Heightened debate on the death penalty found a platform at a university campus last week when two Christian professors argued over its tradition, morality and the ultimate meaning of justice.
University of Colorado’s professor E. Christian Kopff argued the United States should support the death penalty while Msgr. Stuart Swetland of Mount St. Mary’s University in Maryland argued for abolition.
The two professors rallied before students and residents on the Boulder campus Jan. 31 for the annual Great Debate, hosted by the Aquinas Institute for Catholic Thought.
Kopff, who’s written a book about America’s need for classical tradition, argued for the death penalty based on the extensive history of cultures and Christian thinkers who supported it.
“The widespread acceptance of capital punishment … in so many different cultures and nations is a solid argument in its favor,” he said.
In Western tradition, he mentioned ancient Jews, Greeks and Romans who acknowledged the right to capital punishment. The Church’s Council of Trent and leading Christians like Pope Pius XII, St. Augustine and St. Thomas Aquinas all wrote in favor of it, even using logical arguments not based on tradition, he said.
Ignoring these traditions, Kopff said, would be foolish.
“There are more reasons for widespread traditions, cultural and universal, that contain richer stores of information than any one person or nation or age can grasp,” he told the crowd. “No one can foresee the unintended consequences of eliminating them.”
Msgr. Swetland agreed with Kopff’s recitation of historical and Christian support for capital punishment but said there are many reasons against it.
He listed the nations that like the United States employ the death penalty—including China, Iran, Yemen and North Korea—which puts the nation “in bad company,” he said.
Furthermore, statistically it does not deter crime nor is it applied fairly or justly, he argued, citing that 42 percent of those on death row are African American even though the ethnic group comprises 13 percent of the nation’s population.
Msgr. Swetland also argued the death penalty has taken innocent lives and is more expensive than alternatives.
Yet, even if these reasons were ignored or reformed, he said, “It’s morally wrong to intend the death of someone.”
The death penalty is not akin to a soldier or police officer’s intent to stop a violent act and protect the innocent from harm.
“The difference in the intent of the executions is that at the end of the procedure, there is a cadaver,” he said. “(A death) should only be accepted as a side consequence. It never ought to be intended.”
Kopff replied that the underlying issue to the question is justice.
He quoted the Catechism of the Catholic Church, which states killing is morally justifiable if done in self-defense. But this reasoning applies to private citizens, not to the state, whose function it is to defend the common good, he argued.
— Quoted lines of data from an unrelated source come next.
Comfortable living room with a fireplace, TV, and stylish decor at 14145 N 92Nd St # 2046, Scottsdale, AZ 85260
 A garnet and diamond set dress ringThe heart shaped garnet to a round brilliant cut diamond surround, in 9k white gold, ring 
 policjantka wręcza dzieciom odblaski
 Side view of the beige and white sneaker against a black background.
“To say the state can only use it in self-defense like an individual can use it in self-defense is to do in one of the greatest contributions Christianity ever made to the secular world, which is the idea of two kingdoms, the separation of Church and state,” Kopff said.
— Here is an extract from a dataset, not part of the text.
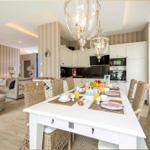 Esszimmer mit weißem Tisch und Rattanstühlen, Küche im Hintergrund, Wohnzimmer mit Sofa und Wandtapete.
Msgr. Swetland acknowledged a society’s need for justice, understood as retribution.
“Ultimately, I don’t think it is about justice,” he said. “It’s about mercy.”
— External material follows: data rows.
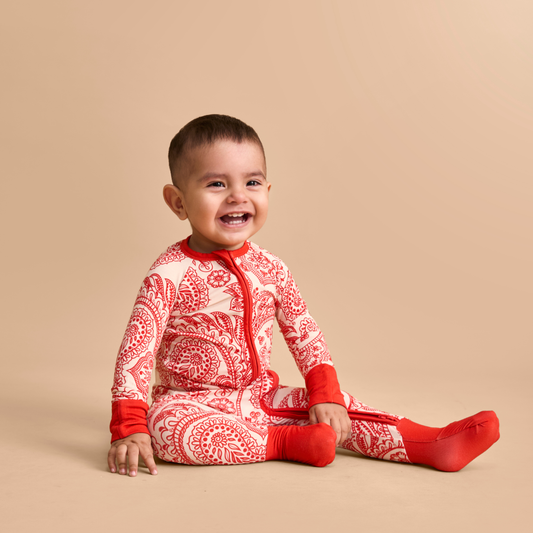 Baby wearing a red and white patterned outfit on a beige background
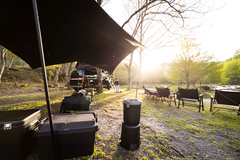 Black Heavy Duty Tarpaulin shelter setup by a river at sunset.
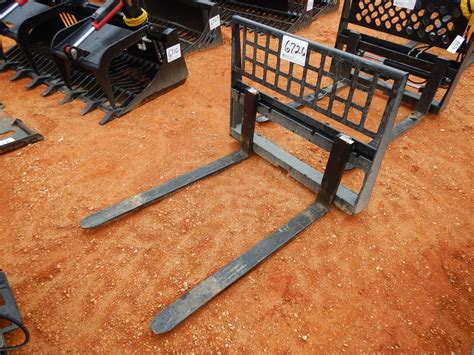 skid steer with forks white background with forks and tracks|aftermarket skid steer forks.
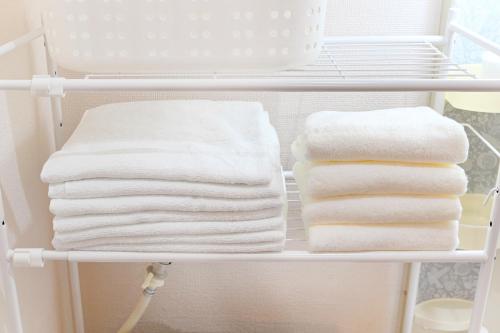 a stack of towels on a shelf in a bathroom at 民泊 Ichinomiya K Room 1A in Ichinomiya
He said that justice is rather rightly understood as fidelity to relationships. People live in relationship with everyone, who is considered a brother or sister in Christ, he said.
The death penalty should be abolished because “mercy is the justice of the kingdom,” Msgr. Swetland concluded, adding, “and authentic justice is fidelity to relationships, meaning we never give up even on the most hardened of sinners.”